The New York State Attorney General’s Health Care Bureau (AG) and the U.S. Department of Labor Employee Benefits Security Administration (DOL) recently announced they have entered into an agreement to share information and work cooperatively to address violations of the Federal Employee Retirement Income Security Act (ERISA) and New York State laws applicable to employer health benefit plans. This unique agreement increases the regulatory and prosecutorial reach of two already powerful agencies with potentially significant implications for employers, plan fiduciaries, health insurers, third-party health benefit administrators, and their vendors.

While DOL has previously entered into agreements with state attorney general offices to address specific issues implicating both state and federal law, this agreement is unique in that it is open-ended and broadly focused on an entire industry.
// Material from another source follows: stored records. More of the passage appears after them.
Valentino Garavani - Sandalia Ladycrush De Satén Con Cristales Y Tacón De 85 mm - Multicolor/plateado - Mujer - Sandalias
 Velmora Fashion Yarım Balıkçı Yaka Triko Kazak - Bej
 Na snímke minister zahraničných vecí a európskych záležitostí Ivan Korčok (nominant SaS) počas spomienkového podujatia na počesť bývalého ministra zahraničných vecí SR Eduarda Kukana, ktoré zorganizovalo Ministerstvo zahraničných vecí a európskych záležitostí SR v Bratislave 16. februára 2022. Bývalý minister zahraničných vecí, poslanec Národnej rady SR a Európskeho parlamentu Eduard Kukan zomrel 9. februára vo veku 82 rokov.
The DOL–AG agreement states that the agencies will share “information on a continuing basis regarding particular insurers, fiduciaries, service providers, and other entities and individuals involved with employee benefit plans covered by ERISA, or other applicable federal or state law.”

The AG and the DOL intend to share information regarding:

  • Complaints concerning employee benefit plans, insurers, and related service providers;
  • Violations of ERISA, state law, state or federal regulations and regulatory guidance; and
  • Claims administration, including claims review procedures and external review.
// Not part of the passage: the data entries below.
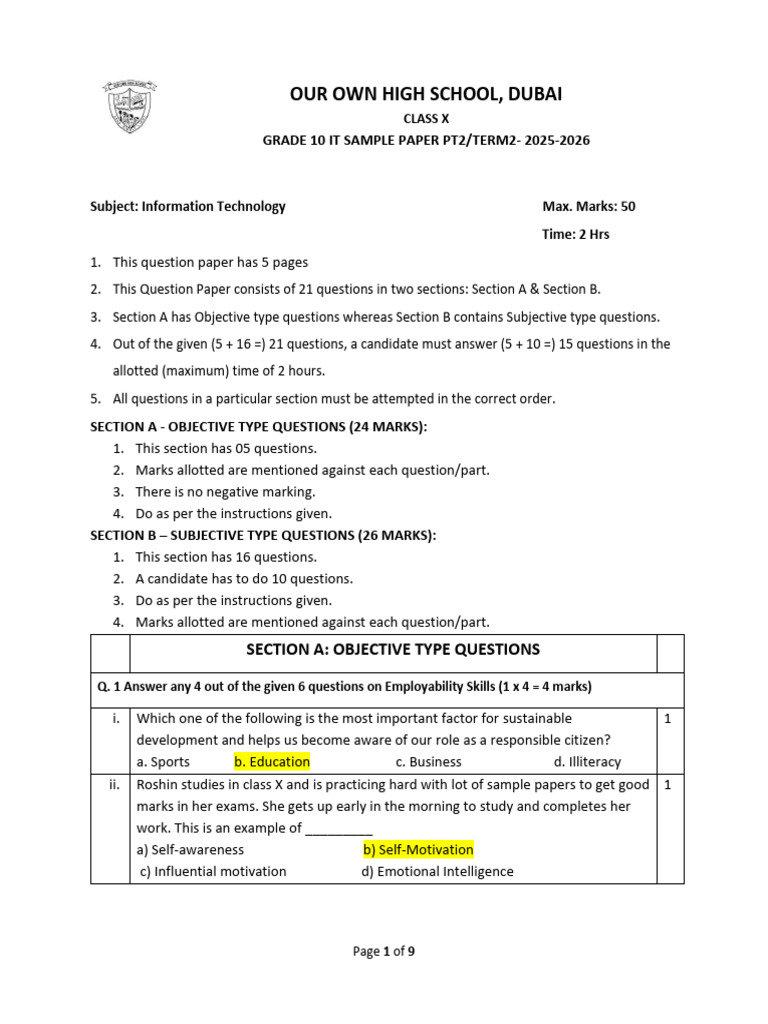 Grade 10 IT Sample Paper 2025-2026 | PDF | Data Type | Spreadsheet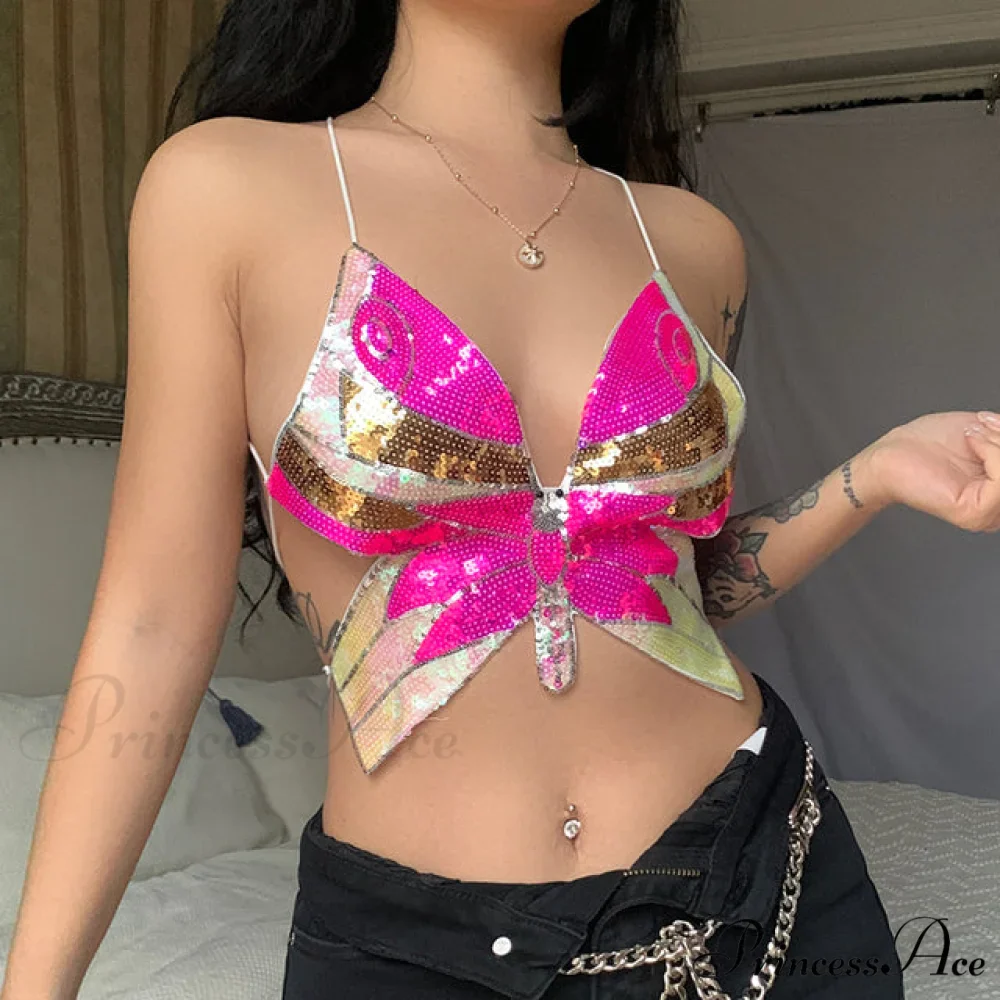 HALSEY BUTTERFLY Stylish SEQUIN TOP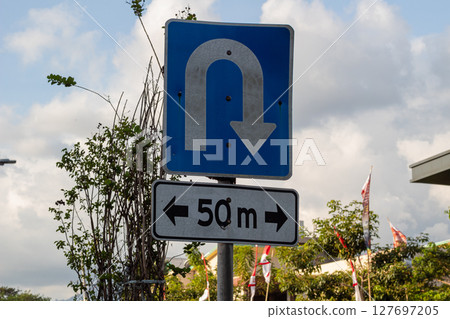 U Turn Sign on Decorative Pole U Turn Sign on Decorative Pole 127697205
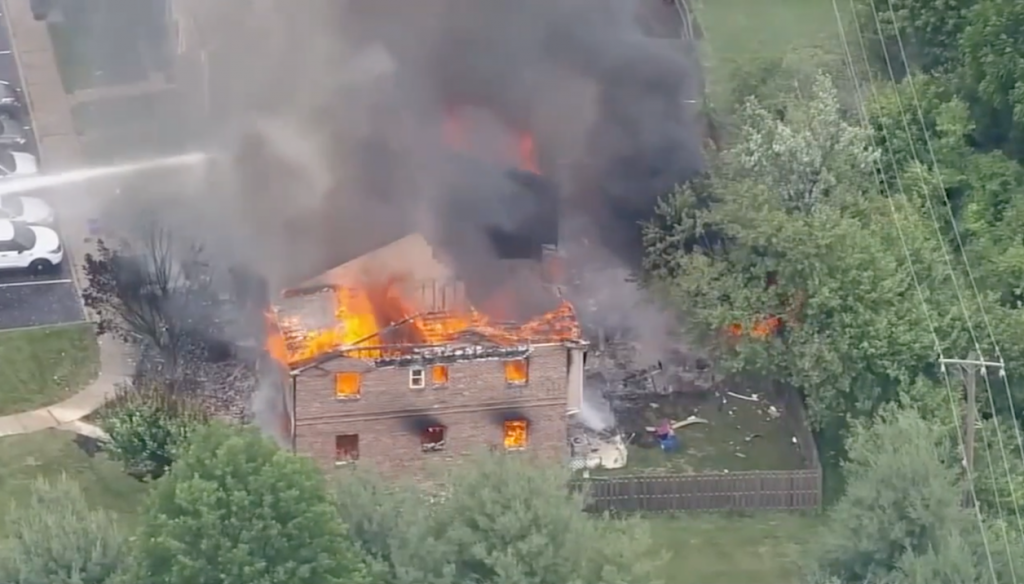 Screen Shot 2021-06-11 at 1.40.41 PM Multiple homes went up in flames in Eagleville, Pennsylvania on Thursday afternoon after authorities say a code enforcement officer encountered a homeowner who was allegedly armed with a weapon. (6ABC)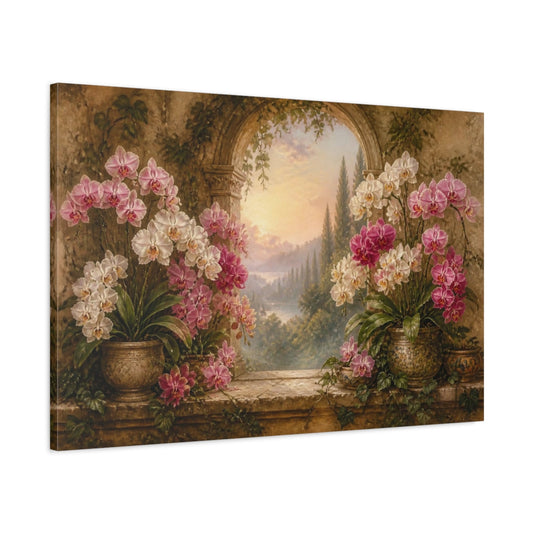 Main Mockup. Orchids By Arched Window shown as canvas print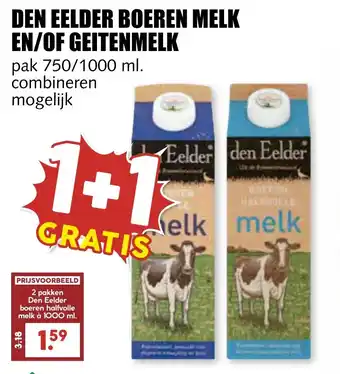 MCD Supermarkt Den eelder boeren melk en/of geitenmelk aanbieding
The AG’s press release provides some insight into what may be the subject of initial investigations, stating that, “[b]y teaming up with the U.S. Department of Labor’s Employee Benefits Security Administration, we will make sure that all types of health plans comply with our vital federal and state consumer protection laws, such as the Affordable Care Act’s preventive services provisions and laws requiring equal coverage for mental health and addiction treatment.”
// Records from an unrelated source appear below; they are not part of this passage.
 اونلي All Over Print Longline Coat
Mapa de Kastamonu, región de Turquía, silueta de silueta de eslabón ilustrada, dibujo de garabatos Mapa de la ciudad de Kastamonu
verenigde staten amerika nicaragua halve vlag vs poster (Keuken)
As noted by the AG, the two agencies working together will have access to information, investigative authority, and enforcement tools exceeding that of either agency acting independently. DOL has broad regulatory discretion and a reach that extends to both insured and self-insured employee health benefit plans. DOL regularly audits health insurers, self-insured employer health benefit plans, and third-party administrators. If DOL identifies violations, it may impose substantial criminal and civil penalties. The AG investigates violations of New York State law and similarly has authority to pursue substantial criminal and civil penalties under State law. Unlike DOL, due to federal preemption, the AG cannot independently investigate self-insured employee health benefit plans and most violations of federal law.

Approximately 60 percent of employees with employment-based health insurance coverage are enrolled in self-insured plans. Absent this agreement, the AG would have limited jurisdiction to pursue perceived violations of ERISA relating to such plans. Exclusive federal regulation of self-insured plans was designed to permit large employers to administer employee health benefit plans across state lines subject to consistent and uniformly enforced regulatory requirements. Through the DOL agreement, the AG will now have a role in overseeing how such plans operate in New York State. 

The focus on mental health parity is likely to be especially challenging. Requirements regarding coverage of mental health and alcohol and substance abuse have rapidly evolved in recent years under both state and federal laws. Such requirements have varied by market and differed depending on whether a plan was insured or self-insured. If the AG conducts retrospective audits for time periods where these requirements were in an almost continuous state of flux, there may be differences of opinion as to the applicable requirements.

New York health plans that offer fully insured coverage have extensive experience working with the AG’s Health Bureau. However, self-insured employers, and TPAs serving such employers, should now be aware that the AG’s Health Bureau will have a role in overseeing their compliance with federal rules.